Recently, I suggested that the ABA House of Delegates reject the June 17 Report of the Task Force on the Financing of Legal Education. The Task Force was supposed to tackle the crisis of massive student loan debt that is subsidizing marginal law schools. Its Report not only fails to fulfill that mission, but also ignores the central problem of a dysfunctional legal education market. As a consequence, it offers superficial recommendations that will accomplish little.

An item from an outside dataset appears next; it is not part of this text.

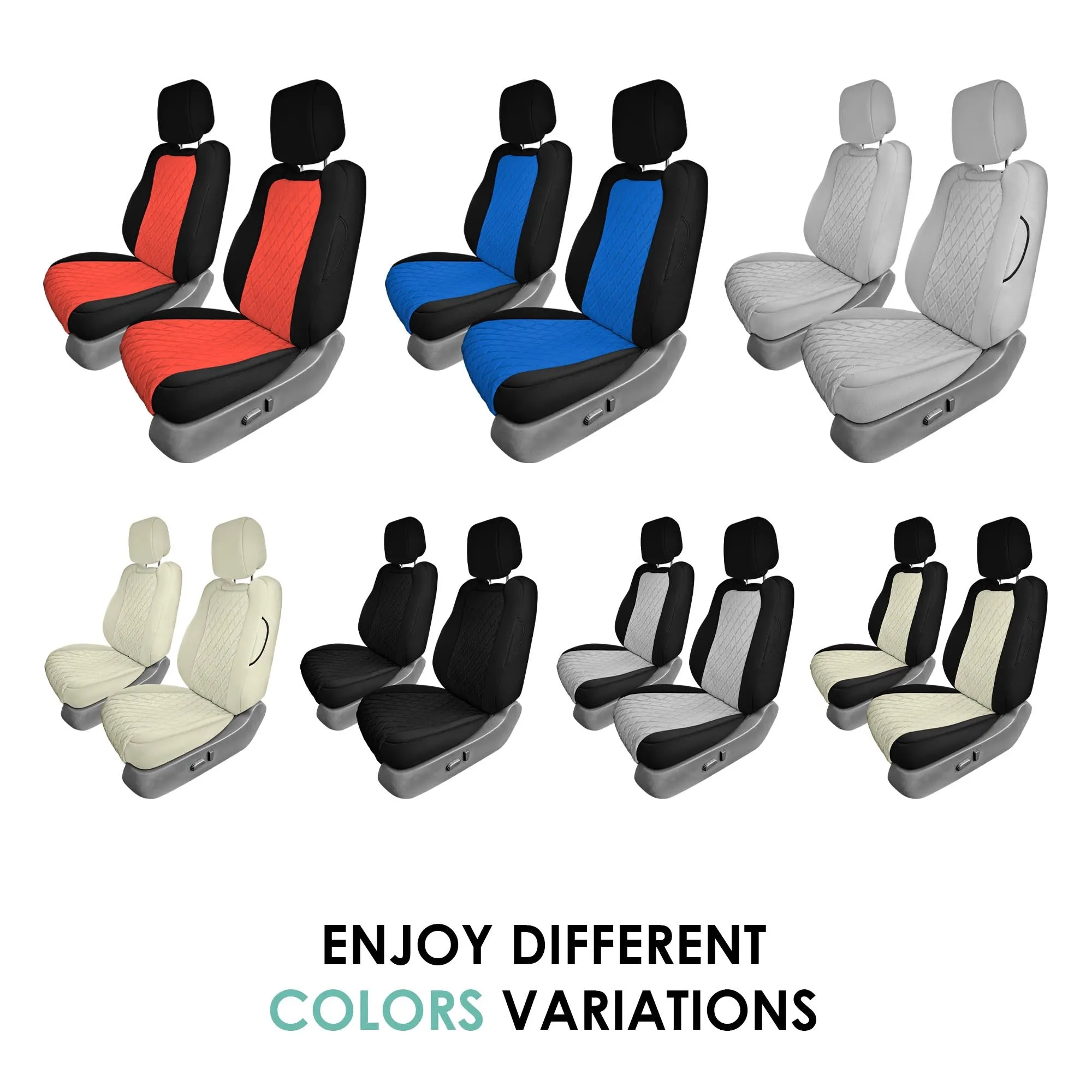 Nissan Frontier - 2022-2024 - Front Set Seat Covers - Blue Ultraflex Neoprene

Doomed from the Start; Flawed at the Finish
As I observed when the ABA announced the creation of the Task Force in May 2014, no one should have reasonably expected its chairman, Dennis Archer — who is also chairman of the national policy board for Infilaw — to point his group in the direction of true market-based reform that would jeopardize revenues at marginal law schools. After all, Infilaw is a private equity-owned consortium of three for-profit law schools with dismal full-time long-term JD-required employment outcomes: Arizona Summit, Charlotte, and Florida Coastal.
On August 4, the ABA House of Delegates gave the Task Force Report a rubber stamp of approval by adopting five “Resolutions.” Only two are even operative; the remaining three now go the Council of the Section of Legal Education and Admissions to the Bar. Together, they constitute an abdication of the ABA’s role in an important national discussion.
The Details
Let’s start with the two resolutions that don’t require additional action by the Council of the Section of Legal Education and Admissions to the Bar. We’ll call them “urging” and “encouraging,” which means they are essentially toothless.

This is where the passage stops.